As Far as the Heart Can See
September 21–November 17, 2018
Curated by Nicolás Dumit Estévez Raful
Curatorial Fellow JP-Anne Giera
Nao Bustamante
Billy X. Curmano, Irina Danilova & Project 59
Beatrice Glow
Ivan Monforte
Linda Mary Montano
Praxis (Delia & Brainard Carey)
Beth Stephens & Annie Sprinkle
and Martha Wilson & Franklin Furnace Archive
To celebrate EFA Project Space's 10th year, we return to the heart of the matter with As Far as the Heart Can See, an exhibition that brings art and everyday life together through performance-based acts of care, transgression, and multigenerational collaboration. The show assembles a constellation of artists who have shifted gear, broken away, found shelter in the wilderness, or ventured astray from art-historical validation in order to speak truth.
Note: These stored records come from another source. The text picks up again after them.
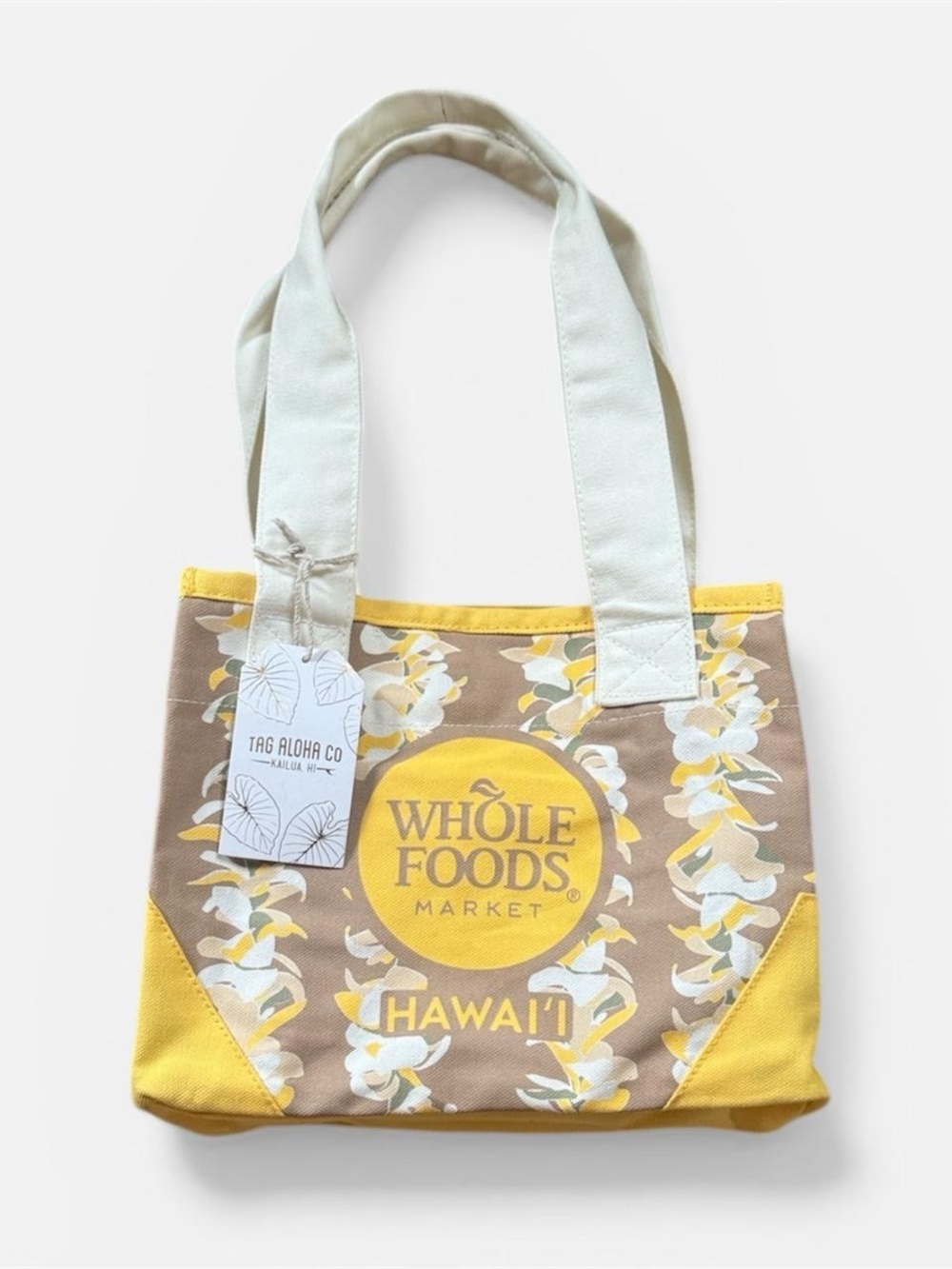 Whole Foods Tag Aloha Company Yellow Plumeria lei Mini Tote Bag Hawaii Exclusive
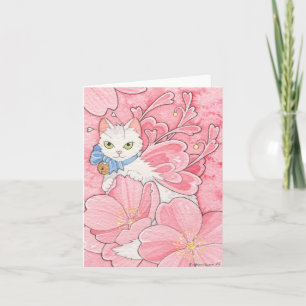 Sakura Fairy Cat notecard Karte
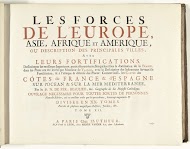 Titelpagina voor het prentwerk: Les Forces de l'Europe, Asie, Afrique et Amerique (...) Comme aussi les Cartes des Côtes de France et d'Espagne (deel XII), 1726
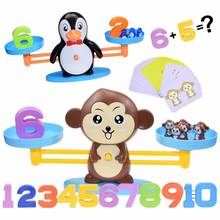 Juguetes de matemáticas Montessori para niños, balanza Digital de equilibrio de mono, juego de mesa educativo de pingüino de matemáticas, juguete de aprendizaje 2024 - compra barato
Curated by Nicolás Dumit Estévez Raful – whose elusive creative path embodies intimacy, healing, empathy, and radical generosity – the exhibition focuses on figures who parry institutional canons and over-professionalization to pursue art as a call to the heart. Artists fatigued by pressure to both make and be objects, take note: one might say that those in As Far As the Heart Can See pursue what they do as a ‘vocation,’ suggesting bold acts and a readiness to trade normative success for something more.
The exhibition includes public performances by Linda Mary Montano and Billy X. Curmano; an afternoon of live actions in honor of exhibition participants during EFA Open Studios by Nina Isabelle, Sindy Butz, Elena Bajo, Xinan (Helen) Ran, and Larissa Gilbert; a public screening of Good Bye Gauley Mountain: An Eco-Sexual Love Story (2013) by Elizabeth Stephens and Annie Sprinkle and a post-Q&A conversation with Lillian Ball and Brooke Singer; an Anti-Professional Development Workshop with Bill Carroll, Mary Ting, Jodi Waynberg, and Martha Wilson; and an artist-dinner by Irina Danilova and Project 59.